In this project, will address central questions related to the optimum performance of EES systems by considering two types of model systems. We will describe transport and structural properties of ionic systems within and along the electrochemical double layer using both theoretical modeling and data-based methods. In collaboration with experimental and theoretical groups, we will use the classical density functional theory (cDFT) to unravel various effects on ion and solvent transport due to application of a surface electrical potential or gate potential. For example, cDFT allow us to obtain chemically equilibrated water/electrolyte/interface structures in the presence and absence of external electric fields. Molecular-scale insights into the driving forces behind the material response to the applied electric potential will be obtained from a combination of physics- and data-based simulations.
Modeling the interfacial behavior of oil/brine/rock systems (PRF)

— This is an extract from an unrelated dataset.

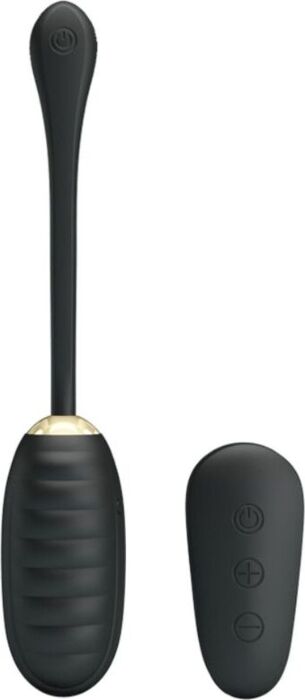 Vibrator Pretty Love Doreen Luxe Zwart Met Afstandsbediening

This project seeks to understand, and ultimately control, the interfacial properties of oil/brine/rock (COBR) systems and their influences on the wettability of reservoir rocks. To attain a quantitative description of the phase and interfacial behavior of reservoir fluids, we will explicitly consider various molecular driving forces underlying the interfacial behavior including the effects of multivalent ions on electrostatic interactions, surface chemistry, and the crude oil and brine compositions. Through validation with experimental observations and systematic investigation of all possible mechanisms of wettability reversal, our overarching goal is to provide an integrated approach to describe various physicochemical interactions taking place at oil/brine, brine/rock, and oil/rock surfaces essential for understanding, and eventually predicting, wettability changes in response to salinity water flooding (LSW) recovery.